Bab 2 -:- Mengaku atau Bunuh Diri?

4.2K 334 9
                                    

Kita tidak dapat memilih bagaimana akhir sebuah takdir. Namun, kita bisa memilih jalan mana yang akan ditempuh untuk menemui takdir itu.

- Fii

***&***

Mata elang laki-laki berjaket kulit cokelat itu menangkap sosok yang sejak 5 menit lalu ada di samping makam adiknya. Ia menghentikan gerak kaki sesaat untuk mengamati dari jarak 7 meter sebelum akhirnya menghampiri. Gadis itu tidak segera menoleh ketika payungnya menghalau rintikan air hujan. Dahinya langsung berkerut dan berpikir bahwa mungkin saja langkahnya tidak terdengar.

Lima detik berlalu dan kepala gadis itu mulai bergerak. Dua pasang iris mata dengan warna hampir serupa itu akhirnya saling berserobok. Darren menatap tenang, sedangkan Joanne terkejut hingga terduduk di tanah dan membekap mulut. Jantung Joanne terasa lepas dari tempat seharusnya tetap berada.

"Anne?" panggil Darren masih dengan mempertahankan tatapan.
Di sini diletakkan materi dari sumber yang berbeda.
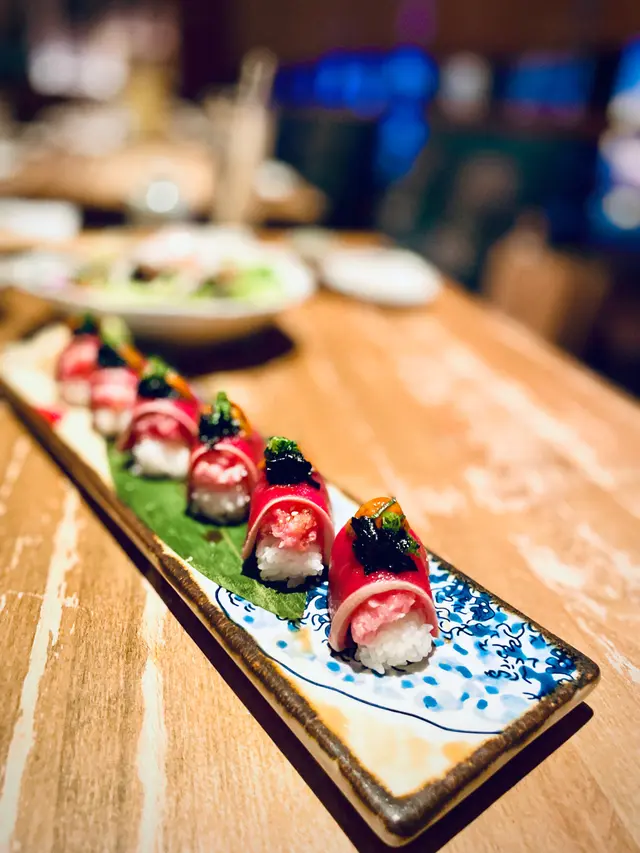 吞拿魚上鮮甜海膽和脆口紫菜
連同新鮮肥美的吞拿魚一口吃下
一試難忘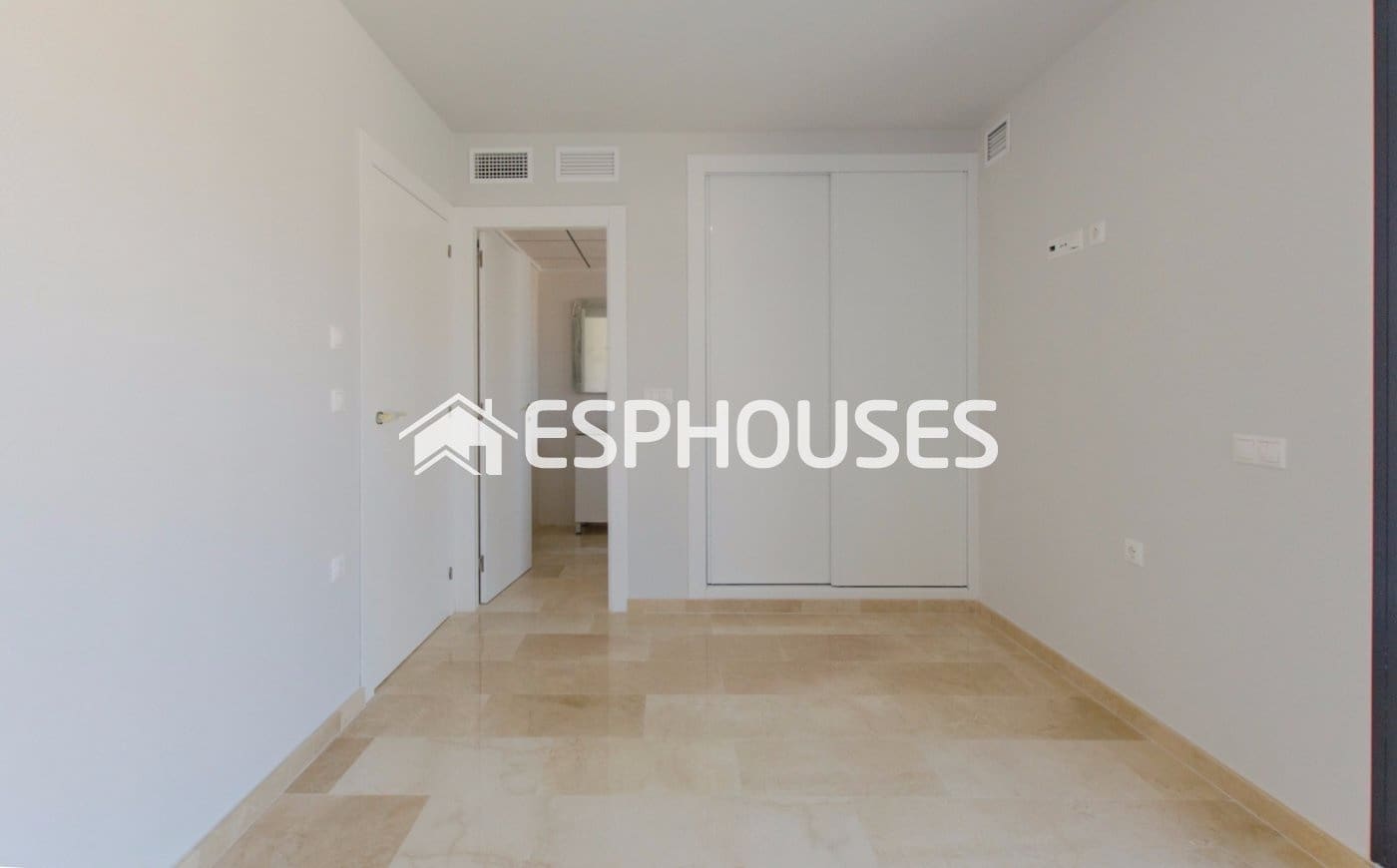 4 bedroom Villa for sale in Finestrat with pool - € 790,000 (Ref: 10025331)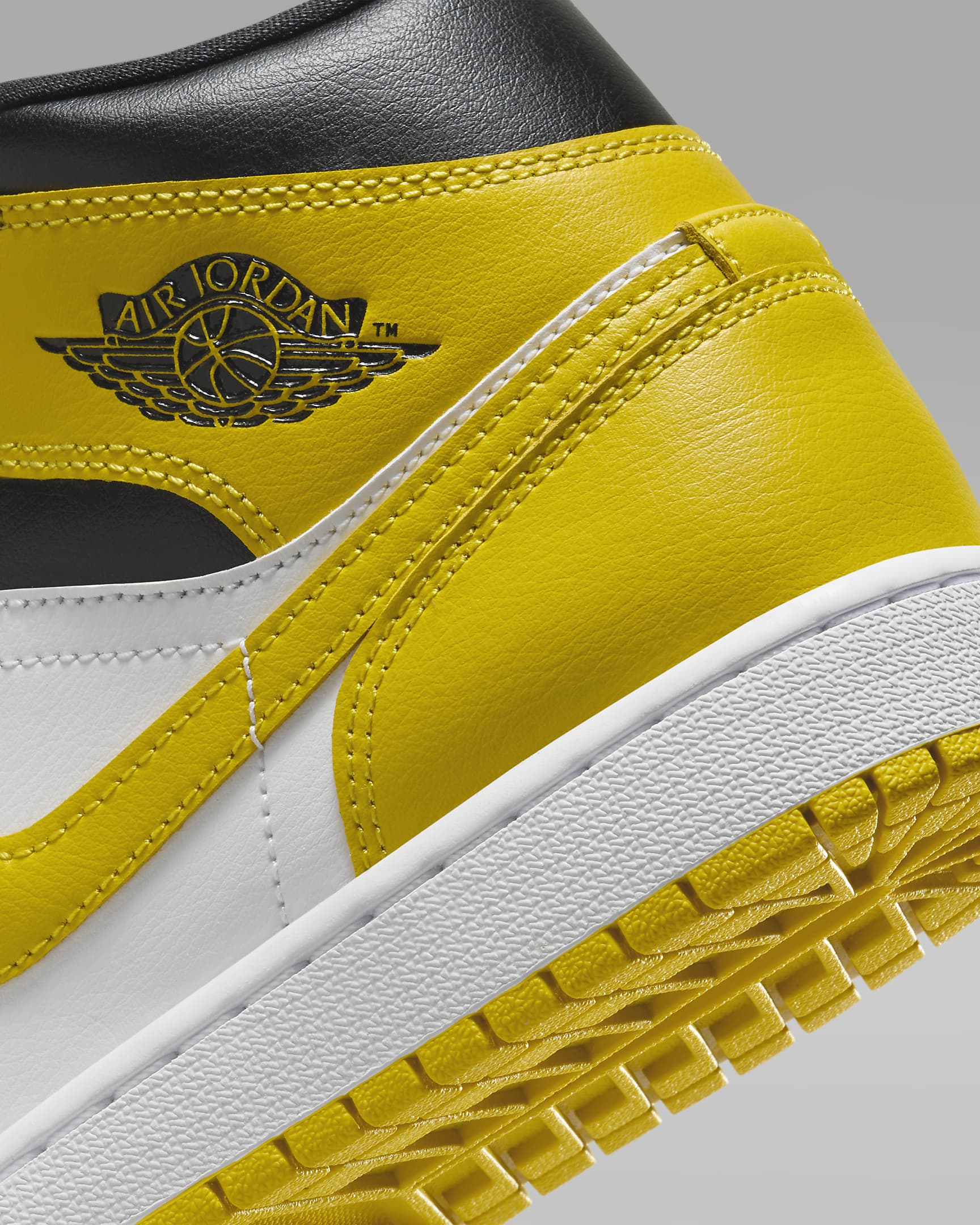 Sapatilhas Air Jordan 1 Mid para mulher - Branco/Preto/Vivid Sulfur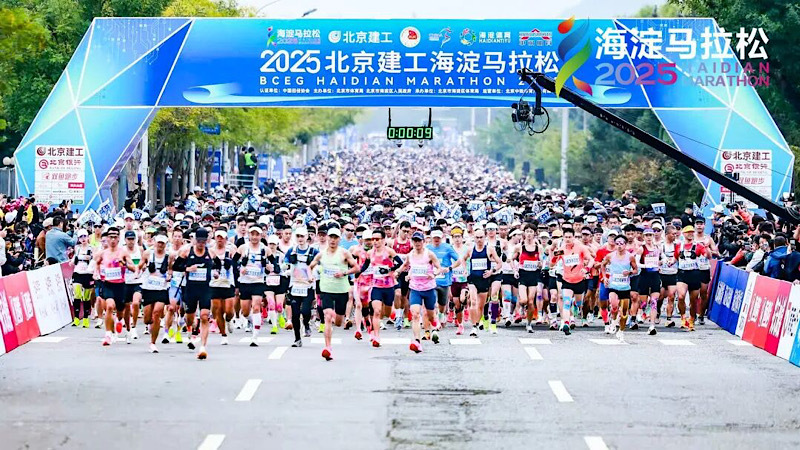 救护车辆以, AI智能跑, alt 救护车辆以, AI智能跑, alt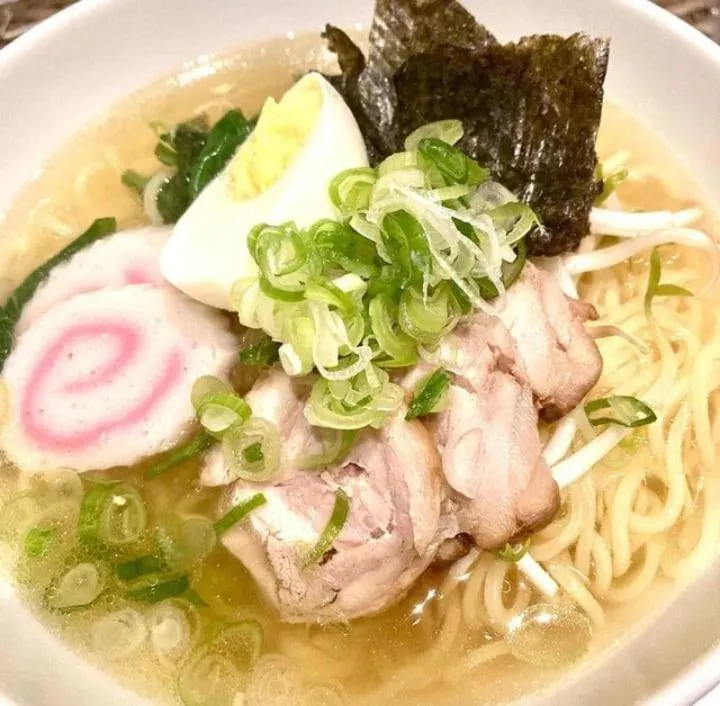 Restaurant/places to eat in Kawana Golf Residence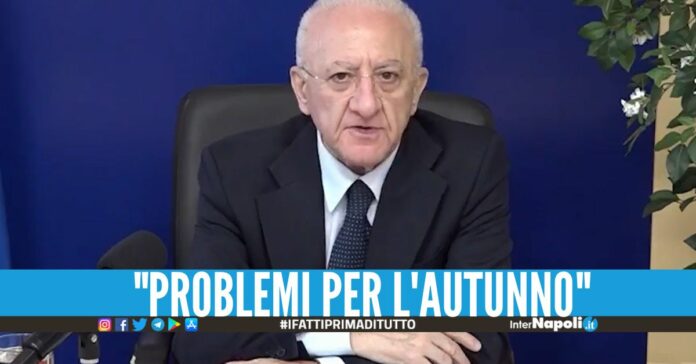 Covid in Campania, l'allerta di De Luca: 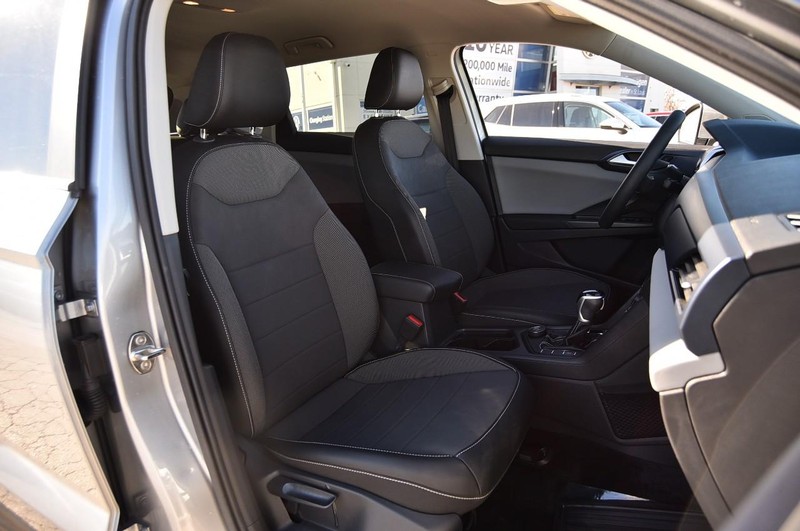 Volkswagen Taos Vehicle Image 20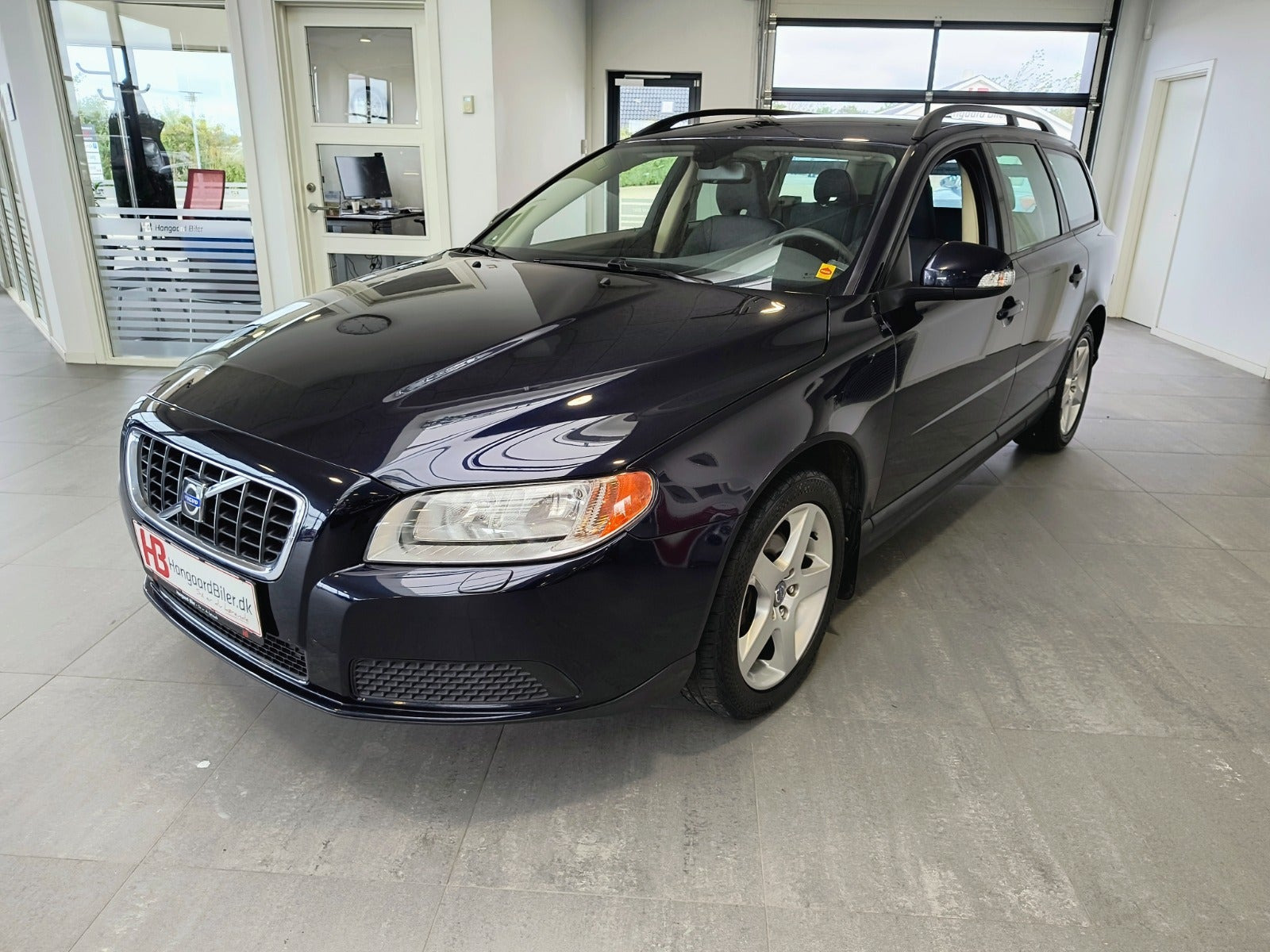 Blå Volvo V70 fra 2008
Nama itu ... hanya Steffie yang memanggilnya demikian! Namun, kini ada orang lain dan itu kakak sahabatnya. Hal itu membuatnya tersadar dan buru-buru berdiri. Darren dan ia ... tidak seharusnya bertatap muka.

Muncul satu hal yang langsung terlintas di benak gadis berusia sembilan belas tahun itu ketika menyadari Darren berdiri tepat di samping. Ia tidak boleh berurusan lagi dengan keluarga Steffie atau kebohongannya selama ini akan terbongkar. Jika itu sampai terjadi, ia yakin akan dilarang ke makam Steffie. Tangan kiri Darren yang bebas berlari menyentuh lengan kanan Joanne meskipun hanya 3 detik. Pasalnya, Joanne kemudian berlari keluar dari area pemakaman.

"Anne?!"

Joanne menuli dan terus melangkah cepat untuk segera sampai di pinggir jalan raya. Ia juga harus segera mendapatkan angkot atau ojek supaya pergi dari sini secepatnya.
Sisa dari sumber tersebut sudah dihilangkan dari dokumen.